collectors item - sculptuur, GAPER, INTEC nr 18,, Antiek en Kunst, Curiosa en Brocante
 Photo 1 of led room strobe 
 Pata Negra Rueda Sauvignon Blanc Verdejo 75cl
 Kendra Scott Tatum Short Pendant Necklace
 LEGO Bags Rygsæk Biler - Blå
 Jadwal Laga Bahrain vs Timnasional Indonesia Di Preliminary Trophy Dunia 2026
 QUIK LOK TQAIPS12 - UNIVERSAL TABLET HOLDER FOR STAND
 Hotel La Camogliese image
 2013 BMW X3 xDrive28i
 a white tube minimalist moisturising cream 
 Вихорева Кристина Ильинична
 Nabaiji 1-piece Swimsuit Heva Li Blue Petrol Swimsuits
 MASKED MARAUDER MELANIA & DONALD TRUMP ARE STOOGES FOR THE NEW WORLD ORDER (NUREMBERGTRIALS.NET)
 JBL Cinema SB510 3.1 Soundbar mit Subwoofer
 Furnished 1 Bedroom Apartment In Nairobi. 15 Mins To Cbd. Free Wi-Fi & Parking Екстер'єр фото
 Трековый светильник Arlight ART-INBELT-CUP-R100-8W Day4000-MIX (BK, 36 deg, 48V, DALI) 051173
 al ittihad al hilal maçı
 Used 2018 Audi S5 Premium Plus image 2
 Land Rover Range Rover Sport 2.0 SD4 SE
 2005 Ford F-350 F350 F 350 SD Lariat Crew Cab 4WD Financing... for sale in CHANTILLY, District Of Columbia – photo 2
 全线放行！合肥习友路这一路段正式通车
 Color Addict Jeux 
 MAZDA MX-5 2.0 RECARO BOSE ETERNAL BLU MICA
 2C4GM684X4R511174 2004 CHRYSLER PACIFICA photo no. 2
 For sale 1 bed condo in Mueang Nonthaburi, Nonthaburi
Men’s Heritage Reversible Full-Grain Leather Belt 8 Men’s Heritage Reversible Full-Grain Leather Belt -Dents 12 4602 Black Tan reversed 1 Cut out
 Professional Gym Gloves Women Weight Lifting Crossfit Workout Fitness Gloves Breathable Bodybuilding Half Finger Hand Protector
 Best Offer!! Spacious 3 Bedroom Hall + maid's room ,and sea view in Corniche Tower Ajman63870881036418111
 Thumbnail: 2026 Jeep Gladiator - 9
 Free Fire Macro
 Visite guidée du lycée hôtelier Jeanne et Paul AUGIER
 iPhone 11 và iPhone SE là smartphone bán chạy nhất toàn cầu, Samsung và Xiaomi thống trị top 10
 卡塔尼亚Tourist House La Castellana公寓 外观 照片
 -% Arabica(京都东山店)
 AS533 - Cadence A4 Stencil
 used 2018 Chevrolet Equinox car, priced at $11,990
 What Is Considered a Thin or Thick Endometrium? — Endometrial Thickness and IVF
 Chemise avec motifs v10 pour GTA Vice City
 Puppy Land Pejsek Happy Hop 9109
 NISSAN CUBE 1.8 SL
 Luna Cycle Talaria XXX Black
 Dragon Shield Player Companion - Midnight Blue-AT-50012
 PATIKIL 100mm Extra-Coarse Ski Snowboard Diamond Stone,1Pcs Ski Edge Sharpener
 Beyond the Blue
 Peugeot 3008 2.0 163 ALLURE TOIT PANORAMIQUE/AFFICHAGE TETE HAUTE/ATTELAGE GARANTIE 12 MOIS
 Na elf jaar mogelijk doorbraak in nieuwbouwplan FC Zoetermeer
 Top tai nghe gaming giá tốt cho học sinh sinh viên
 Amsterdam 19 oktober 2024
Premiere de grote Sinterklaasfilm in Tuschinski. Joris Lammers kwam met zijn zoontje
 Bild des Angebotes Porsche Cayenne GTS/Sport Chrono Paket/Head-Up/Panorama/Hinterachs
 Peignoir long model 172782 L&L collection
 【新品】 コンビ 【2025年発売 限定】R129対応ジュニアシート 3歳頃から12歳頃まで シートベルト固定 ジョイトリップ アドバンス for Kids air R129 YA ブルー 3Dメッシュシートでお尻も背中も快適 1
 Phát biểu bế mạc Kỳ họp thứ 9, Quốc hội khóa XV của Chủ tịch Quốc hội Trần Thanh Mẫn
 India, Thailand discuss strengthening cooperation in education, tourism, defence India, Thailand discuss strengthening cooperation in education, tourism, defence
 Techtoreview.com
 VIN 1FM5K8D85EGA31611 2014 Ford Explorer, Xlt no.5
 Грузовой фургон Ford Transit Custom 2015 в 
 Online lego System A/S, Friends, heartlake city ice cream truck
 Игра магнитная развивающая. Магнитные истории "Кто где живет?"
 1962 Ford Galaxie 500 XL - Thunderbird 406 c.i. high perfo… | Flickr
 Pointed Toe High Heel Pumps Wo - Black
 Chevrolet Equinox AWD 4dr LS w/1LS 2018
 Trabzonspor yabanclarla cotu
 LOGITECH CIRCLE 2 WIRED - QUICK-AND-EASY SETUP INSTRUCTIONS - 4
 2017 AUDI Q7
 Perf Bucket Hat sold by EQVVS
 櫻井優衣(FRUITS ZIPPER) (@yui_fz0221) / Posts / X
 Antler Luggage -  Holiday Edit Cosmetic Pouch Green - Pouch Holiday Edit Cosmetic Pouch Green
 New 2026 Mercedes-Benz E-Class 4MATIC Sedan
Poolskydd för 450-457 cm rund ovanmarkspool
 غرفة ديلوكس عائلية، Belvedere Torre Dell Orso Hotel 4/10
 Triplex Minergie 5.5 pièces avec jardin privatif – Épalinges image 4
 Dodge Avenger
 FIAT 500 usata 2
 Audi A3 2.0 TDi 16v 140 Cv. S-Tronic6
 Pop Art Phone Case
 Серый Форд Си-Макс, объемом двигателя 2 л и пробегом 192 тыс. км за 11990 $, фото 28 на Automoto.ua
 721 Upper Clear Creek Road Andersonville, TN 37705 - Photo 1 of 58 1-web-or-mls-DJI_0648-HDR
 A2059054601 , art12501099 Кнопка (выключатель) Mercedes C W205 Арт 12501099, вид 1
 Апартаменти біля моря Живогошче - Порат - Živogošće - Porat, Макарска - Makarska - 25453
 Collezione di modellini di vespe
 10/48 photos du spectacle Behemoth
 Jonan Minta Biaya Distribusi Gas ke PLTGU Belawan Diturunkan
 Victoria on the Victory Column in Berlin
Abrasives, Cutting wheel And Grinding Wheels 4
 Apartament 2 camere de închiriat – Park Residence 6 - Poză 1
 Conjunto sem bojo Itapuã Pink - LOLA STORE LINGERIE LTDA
======
**ASSIGNMENT:** Using the listing above, copy exactly the line that contains "a white tube minimalist moisturising cream", the line that contains "Furnished 1 Bedroom", and each line that falls between them.

**RESULT FOR THIS EXERCISE:**
 a white tube minimalist moisturising cream 
 Вихорева Кристина Ильинична
 Nabaiji 1-piece Swimsuit Heva Li Blue Petrol Swimsuits
 MASKED MARAUDER MELANIA & DONALD TRUMP ARE STOOGES FOR THE NEW WORLD ORDER (NUREMBERGTRIALS.NET)
 JBL Cinema SB510 3.1 Soundbar mit Subwoofer
 Furnished 1 Bedroom Apartment In Nairobi. 15 Mins To Cbd. Free Wi-Fi & Parking Екстер'єр фото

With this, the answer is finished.